Fair TradeThough you may find it an interesting exercise in introspection to try to figure out why you’re squicked out by the exchange of sex for what we might call “high level” professional services, I don’t think you should feel compelled to do so because there isn’t anything “wrong” with your feeling that way.  Now, I suspect that the reason is some sort of entanglement with the idea of a powerful person demanding sexual services as payment for a favor; I think we can agree that a cop saying, “Give me sex or I’ll arrest you”, or a company boss saying, “Give me sex or I’ll fire you and destroy your career”, are forms of rape.  And though I don’t agree that for a professional who does not have actual power over a person to offer valuable and/or expensive services in exchange for sex is morally wrong, I can imagine circumstances in which the line would be mighty thin; for example, the only doctor in a remote village demanding sex and refusing any other form of payment from an extremely ill woman in dire poverty without means of travel to find a different doctor.  So it’s not at all surprising that the one type of interaction could “cross-contaminate” the other in your psyche.

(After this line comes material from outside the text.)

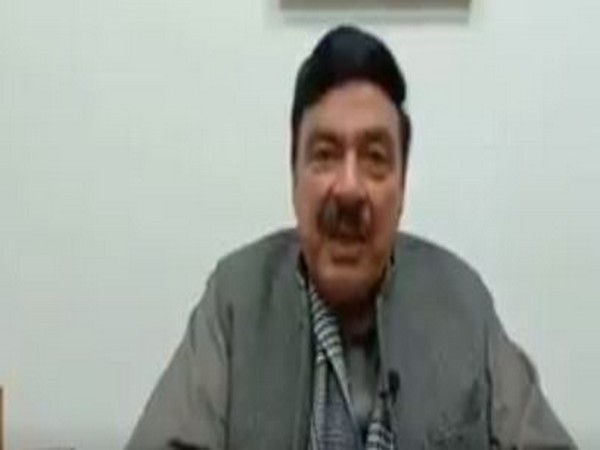 Former Pak interior minister Sheikh Rasheed claims Imran Khan may be ...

However, it doesn’t actually matter why you feel squicked out by that particular interaction, as long as you respect the right of others not to feel that way.  As I wrote in “Out of the Dark”, “The human brain is not rational, and we don’t get to choose what turns us on….sexual likes, dislikes, kinks and fetishes emerge by mysterious paths from the murky swamp we carry deep in our brains, and there’s no known way to reroute those pathways once they’re established.”  Lots of people are squicked out by the fact that I have sex for money with strange men, some of whom may be extremely physically unattractive; others are uncomfortable with my bisexuality, or with the fact that I’m extremely turned on by some kinds of BDSM.  At the same time, I’m unmoved or even turned off by other kinds of BDSM, and also by some vanilla sex acts that millions of people enjoy.  And that’s all perfectly OK, as long as everyone respects everyone else’s right to have different feelings and refrains from inflicting violence on them or otherwise trying to persecute them, such as by lobbying for laws (enforced by violent thugs) to criminalize behaviors not because they objectively harm others, but merely because they don’t like them.  The most important thing to remember is that aversions and squickouts are properties of individual psyches, not of the things those individuals are squicked out by; they are personal idiosyncrasies, and therefore harmless and not really a cause for concern unless they cause one distress or drive him to act in a way that abrogates the rights of others.